• **PROBLEM TO WORK ON**
Take the entries below and reproduce exactly the portion that begins at the line containing "Répartition par âge" and ends at the line containing "Ligas de Mg.png", keeping both ends, dropping pictures, and adding nothing else.

• **RECORDS PROVIDED**
________

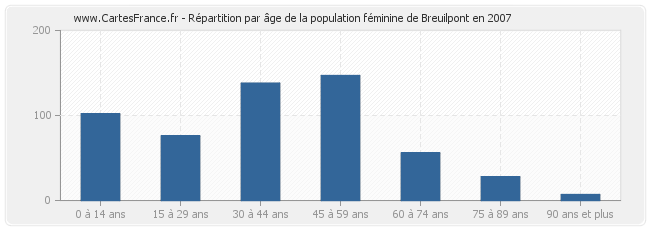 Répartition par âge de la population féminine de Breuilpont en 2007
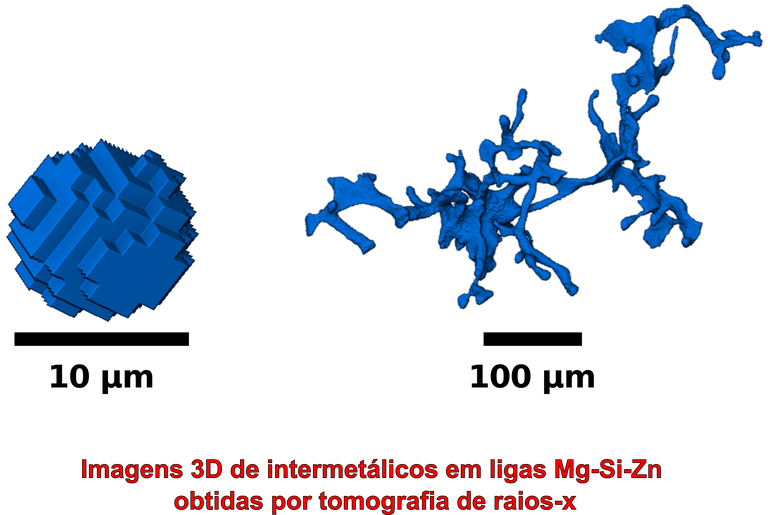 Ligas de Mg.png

________

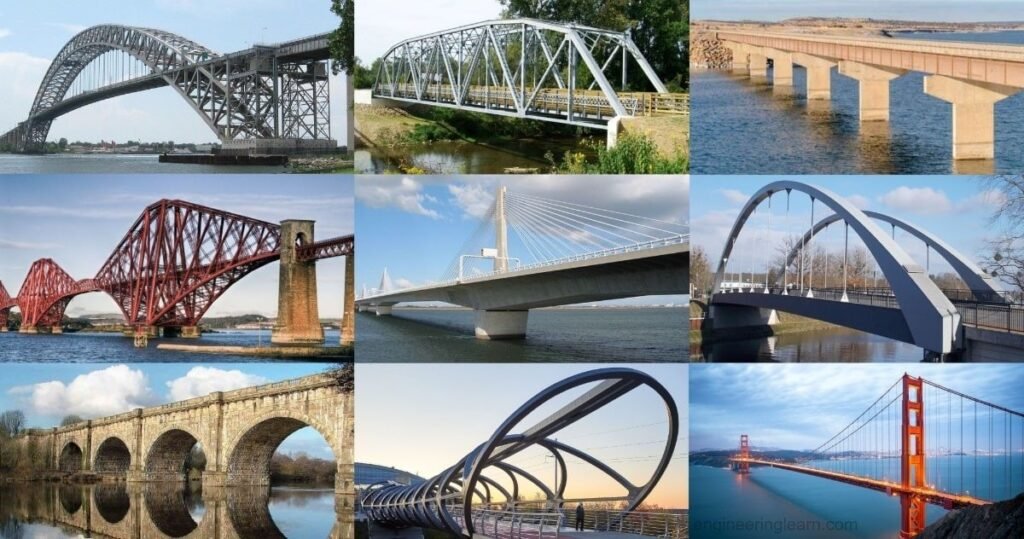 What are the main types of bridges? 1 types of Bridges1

________

• **RESULT FOR THIS TASK**
 Répartition par âge de la population féminine de Breuilpont en 2007
 Ligas de Mg.png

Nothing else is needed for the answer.